Pronunciation of Japanese does not usually pose many problems for new learners of the language. This is primarily due to the limited number of individual sounds. Japanese has approximately half as many sounds (phonemes) as most Western European languages. In this respect Japanese is perhaps most similar to Spanish, in that it shares the same limited set of vowel sounds. Furthermore, there are quite a few homonyms; which can be a little tricky for new learners of the language to become familiar with. Some homonyms are differentiated by changes in tone (pitch accent) but this is very subtle, and is an advanced concept for students of Japanese.

When it comes to levels of politeness in Japanese, there are different words and expressions that are used, depending entirely on who the speaker is speaking to. For example, there are four ways of addressing people in Japanese using honorifics as a suffix to their names. They are: kun (used for a boy or a young man; can be somewhat condescending), chan (used for children and young women), san (the universal mode) and sama(deferential). There are more than a dozen different words for the English word “I”. They are used exclusively within the context of a given situation. Honorific vocabulary and conjugations are called “keigo” and are used in daily conversation by virtually all Japanese speakers.

Despite the intrigue and allure of learning and speaking Japanese, non-verbal communication is a major social indicator in Japan. The Japanese believe that context affects the tone of a conversation and the people are keen on noticing any changes in posture, tone or facial expressions. Many Japanese speak with little to no facial expressions. Because words can have more than one meaning, the Japanese look at a person’s physical reactions to determine the true meaning of their words. Conversely, Japanese people are so used to body language being important to a conversation that it is common to see a person speaking on the phone and unconciously bowing, even though the person they are talking to cannot see them.

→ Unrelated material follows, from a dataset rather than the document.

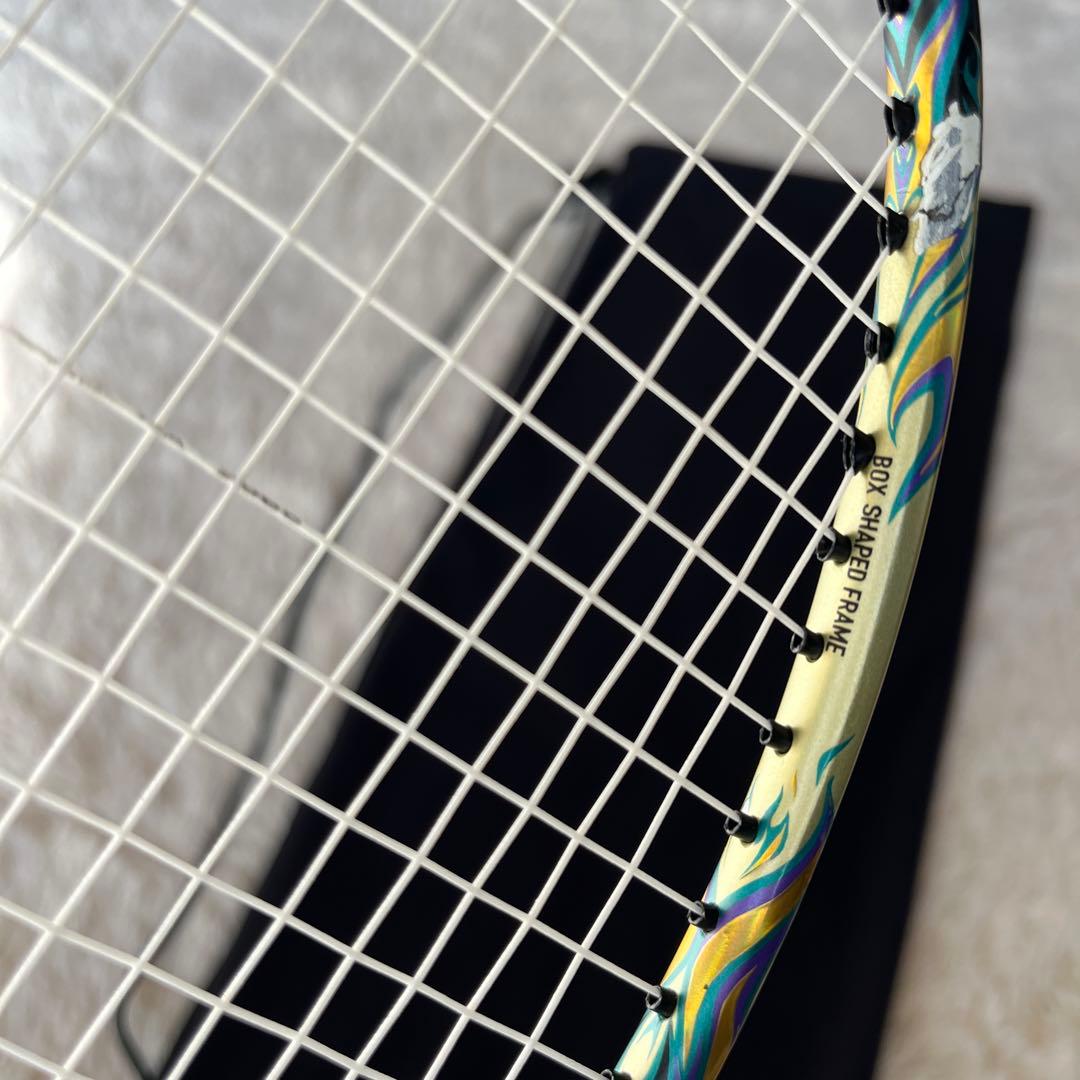 Li-NING AXFORCE100 バドミントンラケット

Japanese is the ninth most widely spoken language in the world  (nearly 130 million speakers) and is worth learning because of its prevalence in both Japan and the rest of the world. Outside of Japan, close to five million people speak the language, including nearly 1.5 million speakers in Brazil alone, primarily due to a major migration in the early 20th century. Brazil now has the second largest population of Japanese speakers in the world. Speakers of Japanese can also be found across the globe in locations such as Argentina, Australia, Belize, Canada, Germany, Mexico, Mongolia, Philippines, Taiwan, and the United States.